In a story last year, Mother Jones reported that the voter I.D. law kept so many Democrats from voting that it probably gave the state to Trump. In 2014 a federal court stated that 9 percent of registered voters in Wisconsin didn’t have the photo I.D. they needed to cast votes. They concluded that about 45,000 voters statewide didn’t vote because of the law, most of them Democrats. This is more than twice Trump’s 2016 margin of victory in Wisconsin.
One insight into Republican motivations for supporting the I.D. law (which was defended in court by Schimel) is shown by this statistic: African American voters were three times as likely as whites to say they could not vote because of the I.D. law. And African Americans in Wisconsin favored Hillary Clinton over Trump by an 88-to-8 margin.
Neil Albrecht, the executive director of the Milwaukee Election Commission, agreed that the voter I.D. law likely caused Trump to win. “It is very probable that between the photo I.D. law and the changes to voter registration, enough people were prevented from voting to have changed the outcome of the presidential election in Wisconsin,” he said.
Though Schimel said the I.D. law was needed to “keep Wisconsin’s elections clean and honest,” he was not able to show in court even one case of voter fraud or voter impersonation.

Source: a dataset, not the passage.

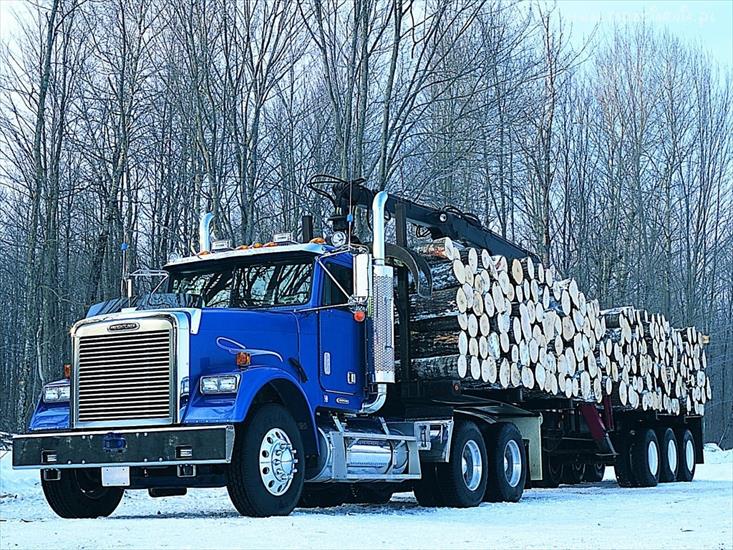 Samochody ciężarowe-A - 658_sterling_truck_drewno_las.jpg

This proves that the law did not solve a real problem, but was intended only to keep Democrats from voting.
And since the voter I.D. law is still on the books, it will affect the 2018 elections in Wisconsin. This means it will help both Schimel and Wisconsin Gov. Scott Walker as they run for re-election.
If they win, they will no doubt take comfort in the fact that their unconstitutional voter-suppression scheme once again worked to stifle democracy in Wisconsin.